#### REQUIREMENT:
From the records below, copy out exactly the lines from the one containing "Used 2024 Lincoln Nautilus Reserve image 17" to the one containing "Aluno levou 10", both included. Add nothing else.

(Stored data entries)
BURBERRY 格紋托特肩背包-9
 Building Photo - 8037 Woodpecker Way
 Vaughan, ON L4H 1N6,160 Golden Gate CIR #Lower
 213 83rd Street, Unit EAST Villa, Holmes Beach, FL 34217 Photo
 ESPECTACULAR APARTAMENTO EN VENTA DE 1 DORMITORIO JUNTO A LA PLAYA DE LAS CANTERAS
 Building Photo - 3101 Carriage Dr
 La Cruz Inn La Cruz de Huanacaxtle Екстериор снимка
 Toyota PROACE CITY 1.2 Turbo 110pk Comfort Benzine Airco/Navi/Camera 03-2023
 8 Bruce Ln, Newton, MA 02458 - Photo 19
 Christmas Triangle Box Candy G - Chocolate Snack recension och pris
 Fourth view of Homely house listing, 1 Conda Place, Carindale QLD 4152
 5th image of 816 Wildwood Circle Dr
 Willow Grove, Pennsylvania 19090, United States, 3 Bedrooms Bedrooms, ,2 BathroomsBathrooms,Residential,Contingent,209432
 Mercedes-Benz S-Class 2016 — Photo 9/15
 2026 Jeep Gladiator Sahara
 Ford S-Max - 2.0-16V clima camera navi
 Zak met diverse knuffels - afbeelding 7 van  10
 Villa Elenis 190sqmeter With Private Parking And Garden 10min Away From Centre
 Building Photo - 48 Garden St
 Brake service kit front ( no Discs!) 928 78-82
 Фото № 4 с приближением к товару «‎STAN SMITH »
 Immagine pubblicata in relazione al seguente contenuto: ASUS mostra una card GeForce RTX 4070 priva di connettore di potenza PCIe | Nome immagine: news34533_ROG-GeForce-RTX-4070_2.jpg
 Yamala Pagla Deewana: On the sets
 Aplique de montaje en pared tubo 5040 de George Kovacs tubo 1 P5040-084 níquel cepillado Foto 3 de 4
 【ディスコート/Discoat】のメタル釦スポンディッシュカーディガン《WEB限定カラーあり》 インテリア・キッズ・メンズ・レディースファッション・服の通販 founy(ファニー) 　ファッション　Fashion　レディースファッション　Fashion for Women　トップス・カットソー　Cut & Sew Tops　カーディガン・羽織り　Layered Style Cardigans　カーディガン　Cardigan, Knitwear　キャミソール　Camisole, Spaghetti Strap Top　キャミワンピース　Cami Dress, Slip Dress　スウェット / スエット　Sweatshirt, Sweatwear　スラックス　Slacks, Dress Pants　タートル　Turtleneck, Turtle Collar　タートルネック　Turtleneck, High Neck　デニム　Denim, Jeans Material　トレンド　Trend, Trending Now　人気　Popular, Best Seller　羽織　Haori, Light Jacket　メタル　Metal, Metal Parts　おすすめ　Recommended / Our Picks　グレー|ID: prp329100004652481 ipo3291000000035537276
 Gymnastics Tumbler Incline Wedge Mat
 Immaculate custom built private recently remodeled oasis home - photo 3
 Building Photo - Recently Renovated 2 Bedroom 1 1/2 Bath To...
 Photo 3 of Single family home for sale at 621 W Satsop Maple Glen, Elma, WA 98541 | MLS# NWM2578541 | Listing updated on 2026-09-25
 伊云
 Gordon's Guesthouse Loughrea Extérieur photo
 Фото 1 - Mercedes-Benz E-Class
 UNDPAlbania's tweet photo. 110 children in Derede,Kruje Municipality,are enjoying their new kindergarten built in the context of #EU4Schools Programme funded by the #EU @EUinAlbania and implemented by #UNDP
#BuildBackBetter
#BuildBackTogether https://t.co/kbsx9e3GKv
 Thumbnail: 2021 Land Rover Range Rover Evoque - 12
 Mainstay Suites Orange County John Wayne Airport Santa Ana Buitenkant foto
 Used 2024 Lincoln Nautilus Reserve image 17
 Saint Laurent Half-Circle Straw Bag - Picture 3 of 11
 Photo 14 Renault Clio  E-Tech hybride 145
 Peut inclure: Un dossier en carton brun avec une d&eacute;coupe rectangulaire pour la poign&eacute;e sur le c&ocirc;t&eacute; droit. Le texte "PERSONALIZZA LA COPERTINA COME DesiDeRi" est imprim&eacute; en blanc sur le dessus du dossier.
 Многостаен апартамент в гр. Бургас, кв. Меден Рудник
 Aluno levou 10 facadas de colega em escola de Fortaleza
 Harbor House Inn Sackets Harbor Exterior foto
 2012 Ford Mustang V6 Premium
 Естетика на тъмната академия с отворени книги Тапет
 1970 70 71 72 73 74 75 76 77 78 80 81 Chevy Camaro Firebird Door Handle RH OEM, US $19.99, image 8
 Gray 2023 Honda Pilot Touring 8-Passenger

#### OUTPUT FOR THIS EXERCISE:
 Used 2024 Lincoln Nautilus Reserve image 17
 Saint Laurent Half-Circle Straw Bag - Picture 3 of 11
 Photo 14 Renault Clio  E-Tech hybride 145
 Peut inclure: Un dossier en carton brun avec une d&eacute;coupe rectangulaire pour la poign&eacute;e sur le c&ocirc;t&eacute; droit. Le texte "PERSONALIZZA LA COPERTINA COME DesiDeRi" est imprim&eacute; en blanc sur le dessus du dossier.
 Многостаен апартамент в гр. Бургас, кв. Меден Рудник
 Aluno levou 10 facadas de colega em escola de Fortaleza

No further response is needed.